A: Entrepreneurs are, by definition, about responding to needs. So this phenomenon we see now is a once-in-a-century kind of thing, hopefully, and I think they're asking themselves about what's happening and asking how they might take their technology and turn it into something of value. I have this discussion daily the past few days or weeks. The real leap is going to happen when they are brave enough to take more distance from their current ideas and make a focused leap into where the industry is going to be when we come out of this bubble.
Q: Why was there a need for an incubator that links startups with global companies in the automotive realm?
A: You have two different entities that want to work with each other, but they don't speak the same language or do the same dance. Drive is basically an institute to make that dance happen. It's taking an elephant and a mouse and making that dance happen. You have nimble, small-budget organizations that have fantastic advantages on one side and very large, robust execution machines that are composed of very talented people on the other. But their structure is effective in the execution of mass manufacturing, not adopting to new technology on the fly.
Q: What's the role of Next Gear Ventures?
A: Drive is an entity that is about commercialization. We finished raising the [Next Gear] fund a year ago and probably have $30 million that's cherry-picking the startups from Drive based on those interactions and how well they work with partners and understand it very closely.
Q: Why focus on mobility-related companies?
A: Mobility is on the verge of a revolution. Or going through one already. You know all the acronyms with CASE or ACES (Autonomous, Connected, Electric, Shared). You combine them and you create a void in AI or sensors for the autonomous side, in data mining and connectivity, storage. There's such a wide variety of needs, and they're all over the place. So there's this great pressure that brings entrepreneurs into this area.
Q: You've been a founder. Now you're on the other side. Do you miss it?

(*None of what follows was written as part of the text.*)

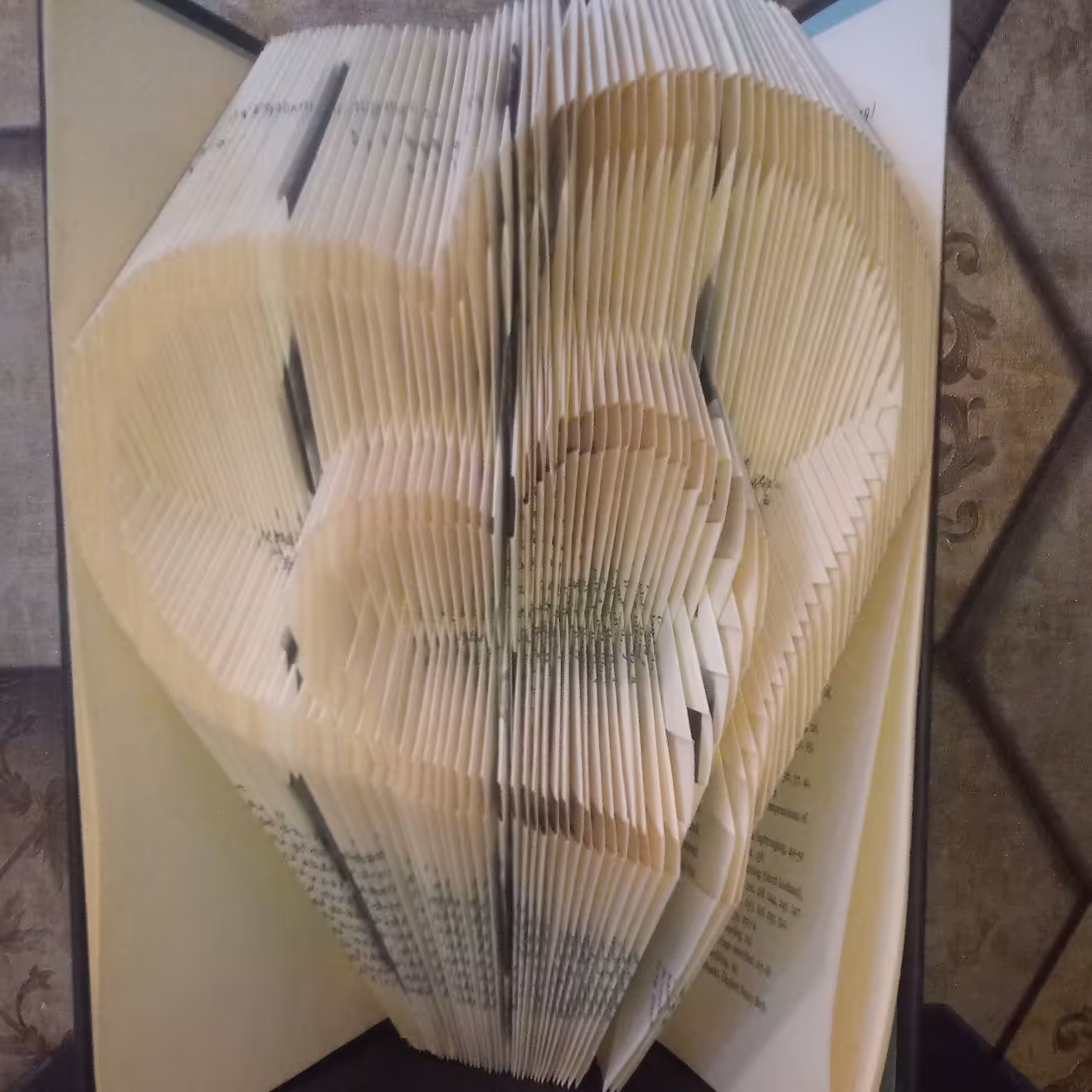 دکوری دستساز طرح دو قلب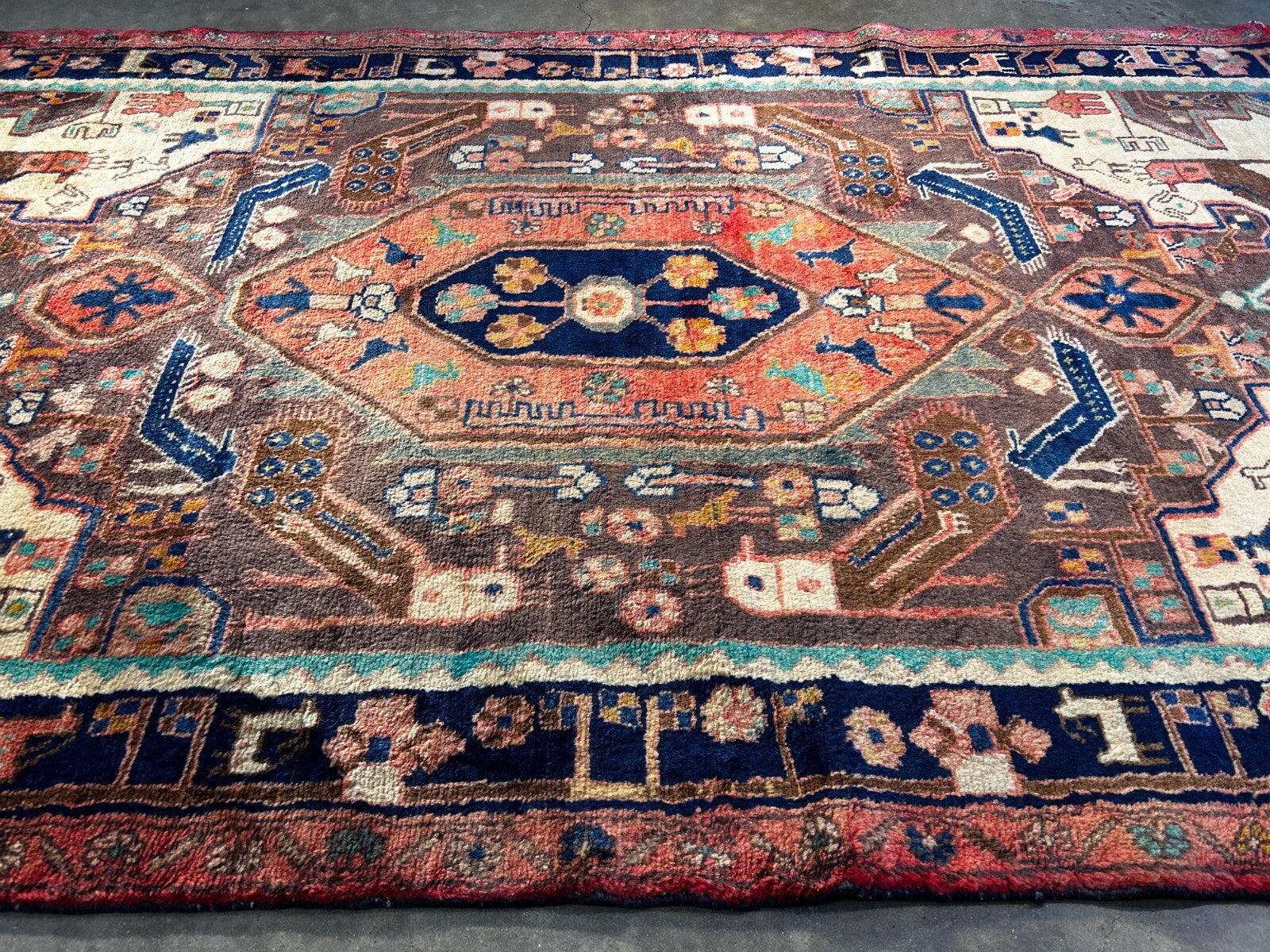 4'9" x 7'10" Hand-Knotted 100% Wool Pile Nahavande Area Rug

A: When you identify a big opportunity, you almost visualize the path ahead. You almost can visualize the particular acute need and you have the urge to move the thing forward yourself. But honestly, I'm enjoying working with many founders and seeing how their business is. We're helping them create value, business relationships and helping with the first round of funding all the way to an exit. It's rewarding. It's combining my research, education and entrepreneurship all in one package.